▸ **Task details**: What is needed here is every record, retyped without any change.

▸ **Task data**:
************
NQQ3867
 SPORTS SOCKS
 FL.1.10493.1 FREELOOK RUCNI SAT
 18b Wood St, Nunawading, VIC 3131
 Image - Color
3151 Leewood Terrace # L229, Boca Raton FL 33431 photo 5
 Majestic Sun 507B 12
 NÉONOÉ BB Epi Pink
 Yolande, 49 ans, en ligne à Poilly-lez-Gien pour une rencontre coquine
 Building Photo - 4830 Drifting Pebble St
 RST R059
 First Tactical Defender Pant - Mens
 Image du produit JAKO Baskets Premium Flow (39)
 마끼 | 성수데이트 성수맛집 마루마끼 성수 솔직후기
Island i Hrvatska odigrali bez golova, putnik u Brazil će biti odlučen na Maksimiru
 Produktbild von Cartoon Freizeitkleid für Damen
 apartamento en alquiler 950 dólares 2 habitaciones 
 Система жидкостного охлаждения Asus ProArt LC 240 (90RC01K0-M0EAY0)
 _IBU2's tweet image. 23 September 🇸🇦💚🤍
************
▸ **Task output**:
NQQ3867
 SPORTS SOCKS
 FL.1.10493.1 FREELOOK RUCNI SAT
 18b Wood St, Nunawading, VIC 3131
 Image - Color
3151 Leewood Terrace # L229, Boca Raton FL 33431 photo 5
 Majestic Sun 507B 12
 NÉONOÉ BB Epi Pink
 Yolande, 49 ans, en ligne à Poilly-lez-Gien pour une rencontre coquine
 Building Photo - 4830 Drifting Pebble St
 RST R059
 First Tactical Defender Pant - Mens
 Image du produit JAKO Baskets Premium Flow (39)
 마끼 | 성수데이트 성수맛집 마루마끼 성수 솔직후기
Island i Hrvatska odigrali bez golova, putnik u Brazil će biti odlučen na Maksimiru
 Produktbild von Cartoon Freizeitkleid für Damen
 apartamento en alquiler 950 dólares 2 habitaciones 
 Система жидкостного охлаждения Asus ProArt LC 240 (90RC01K0-M0EAY0)
 _IBU2's tweet image. 23 September 🇸🇦💚🤍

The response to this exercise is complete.